I have set up 301's and blocked the thin pages using robots.txt and then used Google's removal tool to remove the pages from the index which was successfully done.
But, although they were removed and can now longer be found in Google, when i use site:top4office.co.uk i still have over 3k of indexed pages (Originally i had 3700).
Does anyone have any ideas why this is happening and more importantly how i can fix it?
Our ranking on this site is woeful in comparison to what it was in 2011. I have a deadline and was wondering how quickly, in your opinion, do you think all these changes will impact my SERPs rankings?
Look forward to your responses!
-
I agree with DrPete. You cant have the pages within the robot.txt otherwise Google will not crawl the pages and "see" the 301s to then update the index.
Something else to consider is on the new pages, have them canonical to themselves. We had a site that Google was caching old URLs that had 301 redirects that had been up for 2 years. Google was finding the new pages and new titles and new content, but were referencing the old URLs. We were seeing this in the SERPs and also in the GWT. GWT was reporting duplicate content for titles and descriptions for sets of pages that were 301ed. Adding the canonical to self helped get that cleaned up.
Cheers.
-
This process can take a painfully long time, even done right, but I do have a couple of concerns:
(1) Assuming I understand the situation, I think using Robots.txt on top of 301-redirects is a bad idea. If Google doesn't recrawl the pages, they won't process the 301s, and Robots.txt is bad for removal (good for prevention, but not once something is in the index). Basically, you're telling Google not to re-crawl these pages, and if they don't re-crawl, they won't process the 301s. So, I'd drop the Robots.txt blocking for now, honestly.
(2) What's your internationalization strategy? You could potential try rel="alternate"/hreflang to specify US vs. UK English, target each domain in webmaster tools, and leave the duplicates alone. If you 301-redirect, you're not giving the UK site a chance to rank properly on Google.co.uk (if that's your objective).
-
It sounds like you have done pretty much everything you could do to remove those pages from Google, and that Google has removed them.
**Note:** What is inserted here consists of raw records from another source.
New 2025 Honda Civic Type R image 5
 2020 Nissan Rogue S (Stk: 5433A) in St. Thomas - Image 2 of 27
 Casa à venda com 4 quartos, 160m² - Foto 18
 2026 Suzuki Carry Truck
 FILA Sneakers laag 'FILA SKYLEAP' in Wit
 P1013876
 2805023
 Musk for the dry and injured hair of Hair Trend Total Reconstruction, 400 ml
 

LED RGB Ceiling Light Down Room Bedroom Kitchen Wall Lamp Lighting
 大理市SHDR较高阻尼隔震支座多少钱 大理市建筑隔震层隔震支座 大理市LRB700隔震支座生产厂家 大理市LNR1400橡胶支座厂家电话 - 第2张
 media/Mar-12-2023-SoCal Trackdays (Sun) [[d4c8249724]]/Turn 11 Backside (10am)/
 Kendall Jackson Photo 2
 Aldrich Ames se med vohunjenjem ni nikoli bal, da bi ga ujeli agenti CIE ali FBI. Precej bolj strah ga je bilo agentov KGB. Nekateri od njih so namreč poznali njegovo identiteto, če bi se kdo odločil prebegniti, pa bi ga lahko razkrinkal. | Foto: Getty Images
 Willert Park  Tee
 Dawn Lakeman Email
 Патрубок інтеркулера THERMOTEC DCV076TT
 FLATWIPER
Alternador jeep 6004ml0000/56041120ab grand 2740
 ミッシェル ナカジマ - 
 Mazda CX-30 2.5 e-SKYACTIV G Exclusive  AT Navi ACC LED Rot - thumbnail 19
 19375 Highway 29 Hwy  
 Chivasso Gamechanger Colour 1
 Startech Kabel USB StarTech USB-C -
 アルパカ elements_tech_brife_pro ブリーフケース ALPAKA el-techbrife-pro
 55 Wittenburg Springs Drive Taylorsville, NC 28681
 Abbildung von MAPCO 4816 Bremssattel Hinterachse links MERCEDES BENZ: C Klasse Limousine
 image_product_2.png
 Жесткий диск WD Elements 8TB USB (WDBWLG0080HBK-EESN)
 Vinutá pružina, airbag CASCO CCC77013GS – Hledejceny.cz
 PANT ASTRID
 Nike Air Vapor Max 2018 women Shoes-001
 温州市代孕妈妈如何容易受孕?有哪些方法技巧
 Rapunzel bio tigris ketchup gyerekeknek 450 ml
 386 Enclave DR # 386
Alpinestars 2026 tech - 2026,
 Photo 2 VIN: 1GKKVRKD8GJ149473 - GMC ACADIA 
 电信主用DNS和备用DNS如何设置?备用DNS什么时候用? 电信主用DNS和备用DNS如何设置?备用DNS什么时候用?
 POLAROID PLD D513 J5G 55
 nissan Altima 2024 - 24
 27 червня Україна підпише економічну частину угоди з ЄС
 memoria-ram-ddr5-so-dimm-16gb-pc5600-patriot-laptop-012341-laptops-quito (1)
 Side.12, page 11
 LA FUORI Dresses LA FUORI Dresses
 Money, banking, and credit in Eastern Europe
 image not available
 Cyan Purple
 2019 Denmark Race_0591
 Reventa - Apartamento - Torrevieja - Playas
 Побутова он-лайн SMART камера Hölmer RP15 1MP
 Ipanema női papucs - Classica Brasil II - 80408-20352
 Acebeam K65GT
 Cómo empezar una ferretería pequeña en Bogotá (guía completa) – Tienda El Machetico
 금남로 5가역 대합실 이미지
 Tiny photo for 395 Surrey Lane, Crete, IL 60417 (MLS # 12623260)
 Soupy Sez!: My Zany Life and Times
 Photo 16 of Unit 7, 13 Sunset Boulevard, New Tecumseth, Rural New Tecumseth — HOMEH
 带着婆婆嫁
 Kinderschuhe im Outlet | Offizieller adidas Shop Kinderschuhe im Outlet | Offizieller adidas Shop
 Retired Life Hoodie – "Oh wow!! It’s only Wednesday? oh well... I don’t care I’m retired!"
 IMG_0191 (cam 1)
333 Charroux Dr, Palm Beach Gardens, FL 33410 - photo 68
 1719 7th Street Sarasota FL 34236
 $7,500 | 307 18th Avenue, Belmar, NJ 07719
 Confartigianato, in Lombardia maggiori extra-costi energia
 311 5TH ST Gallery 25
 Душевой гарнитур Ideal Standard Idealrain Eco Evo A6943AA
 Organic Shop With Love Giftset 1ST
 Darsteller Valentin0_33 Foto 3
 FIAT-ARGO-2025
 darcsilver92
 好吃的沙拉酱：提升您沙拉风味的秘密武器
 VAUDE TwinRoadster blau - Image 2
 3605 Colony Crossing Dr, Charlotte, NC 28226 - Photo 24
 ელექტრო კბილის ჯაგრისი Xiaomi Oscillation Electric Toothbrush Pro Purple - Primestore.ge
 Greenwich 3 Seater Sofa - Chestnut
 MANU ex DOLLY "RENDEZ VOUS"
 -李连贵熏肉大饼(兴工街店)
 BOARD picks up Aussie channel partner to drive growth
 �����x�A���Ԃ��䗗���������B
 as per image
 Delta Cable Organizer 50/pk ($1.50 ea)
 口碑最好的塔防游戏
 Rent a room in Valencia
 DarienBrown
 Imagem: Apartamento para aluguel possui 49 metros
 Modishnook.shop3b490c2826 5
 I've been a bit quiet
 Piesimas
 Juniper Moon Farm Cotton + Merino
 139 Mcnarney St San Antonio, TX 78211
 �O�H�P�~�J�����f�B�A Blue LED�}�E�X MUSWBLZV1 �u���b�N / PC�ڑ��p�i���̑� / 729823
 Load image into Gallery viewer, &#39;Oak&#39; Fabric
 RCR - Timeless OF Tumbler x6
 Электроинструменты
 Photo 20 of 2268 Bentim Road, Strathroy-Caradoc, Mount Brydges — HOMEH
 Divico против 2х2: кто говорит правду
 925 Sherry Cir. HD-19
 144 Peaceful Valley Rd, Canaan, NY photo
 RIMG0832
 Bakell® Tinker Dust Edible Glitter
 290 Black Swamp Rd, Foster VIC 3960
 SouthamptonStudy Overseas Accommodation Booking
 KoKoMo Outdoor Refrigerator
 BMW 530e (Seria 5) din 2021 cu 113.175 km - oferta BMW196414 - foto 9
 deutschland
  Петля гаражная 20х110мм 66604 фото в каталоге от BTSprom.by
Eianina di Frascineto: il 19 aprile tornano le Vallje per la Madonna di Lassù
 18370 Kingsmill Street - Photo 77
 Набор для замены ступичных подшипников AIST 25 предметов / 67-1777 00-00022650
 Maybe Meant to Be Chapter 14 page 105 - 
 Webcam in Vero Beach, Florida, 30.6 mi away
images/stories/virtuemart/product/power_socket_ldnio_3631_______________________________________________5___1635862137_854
There are two possibilities that I can think of. First, Google is finding new pages or new URLs at least. These may be old pages that have some sort of a parameter on them or something like that that are causing Google to find some new pages even though you're not adding any new pages.
Another possibility is that, I found that the site:search is not entirely accurate. So, it's more like anything else that Google gives us words this kind of estimate of the actual figure. It's possible that Google was giving you a smaller number of pages if in that original 3700 they said they had. And now they're just reporting more of the pages that they had had in their index, which they weren't showing before.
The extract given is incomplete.